Re: [css3-speech] cue volume from Daniel Weck on 2011-07-07 (www-style@w3.org from July 2011)

From: Daniel Weck <daniel.weck@gmail.com>
Date: Thu, 7 Jul 2011 10:31:01 +0100
To: "www-style@w3.org style" <www-style@w3.org>, fantasai <fantasai.lists@inkedblade.net>
Message-Id: <AD0CF7E9-9EA7-42E7-9573-CF513526A442@gmail.com>

Well, just to put things into perspective, let's say you have 2 pre- 
recorded audio clips, one for cue-before, one for cue-after. The first  
one was recorded "normally" (whatever the convention is), whereas the  
second one is really loud on average (for example, compressed  
waveform, narrow dynamic range). Unless the audio implementation is  
"clever" (e.g. automatic normalization/equalization/filtering ... note  
that I am not an audio engineer), the user can't reduce the large  
variations of perceived volume level. So authors obviously have a  
responsibility to prevent ear drum damage and to limit listening  
inconvenience. User agents implementations are likely to "naively"  
expose controls that apply a relative volume offset to all audio  
resources, indiscriminately. In the same way that there is a  
"normality" for recorded audio clips, there is a standard volume level  
in TTS engines, regardless of the selected voice instance. This means  
that the cornerstone of CSS3 Speech volume control is the 'medium'  
keyword (well, and its neighbors on the audible scale too). The user- 
agent is able to map user preferences with concrete volume levels in  
the underlying speech synthesis processor, and I expect the same to be  
possible at the level of the audio engine.

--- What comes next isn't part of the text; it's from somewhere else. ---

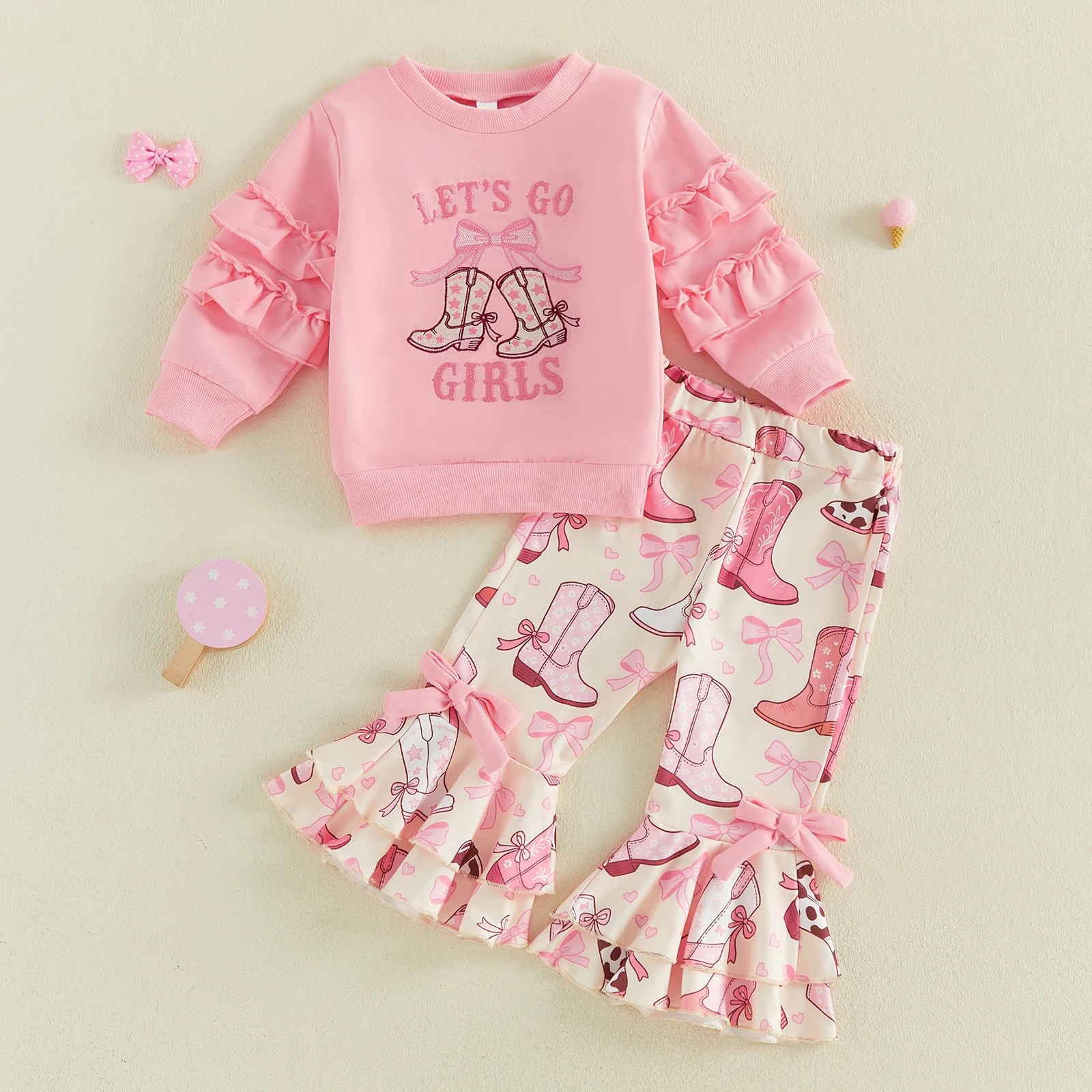1-4Y Baby Girl 2Pcs Fall Outfits Western Long Sleeve Bow Boots Embroidery Sweatshirt Tops Pants Set Children's Clothes Set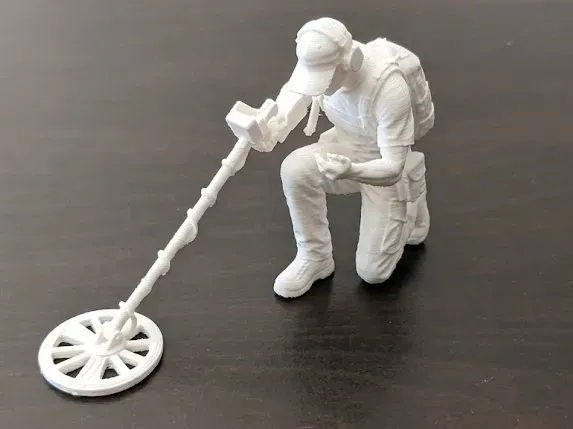 Metal Detector Operator - Realistic Figurine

The current draft allows authors to define audio cues that are, for  
example, softer than the speech synthesis (i.e. secondary content,  
more "discrete"). In this case, the author assumes that the user-agent  
is able to render *perceived* sound levels correctly for audio cues,  
just like for synthesized speech.

The flip side of the coin is that authors cannot directly control a  
volume offset relative to the "intrinsic" loudness of a given audio  
clip. The two methods appear to be mutually-exclusive.

Also note that as an implementor, I have a preference for the latter  
approach (audio cues volume disconnected from speech synthesis  
levels), but as an author I'd rather align audio cues loudness  
relatively to TTS rendering.

Any thoughts?
Dan

On 7 Jul 2011, at 02:34, fantasai wrote:

> On 07/06/2011 05:50 PM, Daniel Weck wrote:
>> Please verify that the updated prose makes sense, and looks  
>> implementable:
>>
>> http://dev.w3.org/csswg/css3-speech/#mixing-props-voice-volume
>>
>> http://dev.w3.org/csswg/css3-speech/#cue-props
>
> Um, I can't make sense of it.
>
> I have a cue sound clip prerecorded by the author.
> I have a computed voice-volume relative to medium.
> And (as the UA), I have the actual value of medium, which cannot be  
> calculated
> from the document but is set by a user preference.
>
> 1. How do I, as the UA, set the volume of the cue?
>
> 2. How does the author, who doesn't know what 'medium' computes to,  
> figure
>   out how loud the cue will be relative to the voice volume?

Received on Thursday, 7 July 2011 09:31:31 UTC